Implement a Sparse Mixture of Experts (MoE) layer. The layer consists of multiple expert networks (each a small feed-forward network) and a gating network that routes each input to the top-k experts. Combine the expert outputs weighted by the gating scores.
import numpy as np
def softmax(x, axis=-1):
x_shifted = x - np.max(x, axis=axis, keepdims=True)
exp_x = np.exp(x_shifted)
return exp_x / np.sum(exp_x, axis=axis, keepdims=True)
def relu(x):
return np.maximum(0, x)
class Expert:
def __init__(self, input_dim, hidden_dim, output_dim):
scale1 = np.sqrt(2.0 / input_dim)
scale2 = np.sqrt(2.0 / hidden_dim)
self.W1 = np.random.randn(input_dim, hidden_dim) * scale1
self.b1 = np.zeros(hidden_dim)
self.W2 = np.random.randn(hidden_dim, output_dim) * scale2
self.b2 = np.zeros(output_dim)
def forward(self, x):
h = relu(x @ self.W1 + self.b1)
return h @ self.W2 + self.b2
class SparseMoE:
def __init__(self, input_dim, hidden_dim, output_dim, num_experts, top_k=2):
self.experts = [Expert(input_dim, hidden_dim, output_dim) for _ in range(num_experts)]

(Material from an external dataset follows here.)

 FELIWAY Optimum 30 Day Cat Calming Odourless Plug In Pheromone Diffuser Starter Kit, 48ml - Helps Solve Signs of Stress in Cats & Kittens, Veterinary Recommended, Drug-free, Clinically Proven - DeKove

self.gate_W = np.random.randn(input_dim, num_experts) * np.sqrt(2.0 / input_dim)
self.gate_b = np.zeros(num_experts)
self.top_k = top_k
self.num_experts = num_experts
def forward(self, x):
# x shape: (batch_size, input_dim)
gate_logits = x @ self.gate_W + self.gate_b # (batch, num_experts)
# Top-k gating
batch_size = x.shape[0]
output_dim = self.experts[0].W2.shape[1]
output = np.zeros((batch_size, output_dim))
for i in range(batch_size):
top_k_idx = np.argsort(gate_logits[i])[-self.top_k:]
top_k_logits = gate_logits[i, top_k_idx]
top_k_weights = softmax(top_k_logits)
for j, idx in enumerate(top_k_idx):
expert_out = self.experts[idx].forward(x[i:i+1])
output[i] += top_k_weights[j] * expert_out.squeeze(0)
return output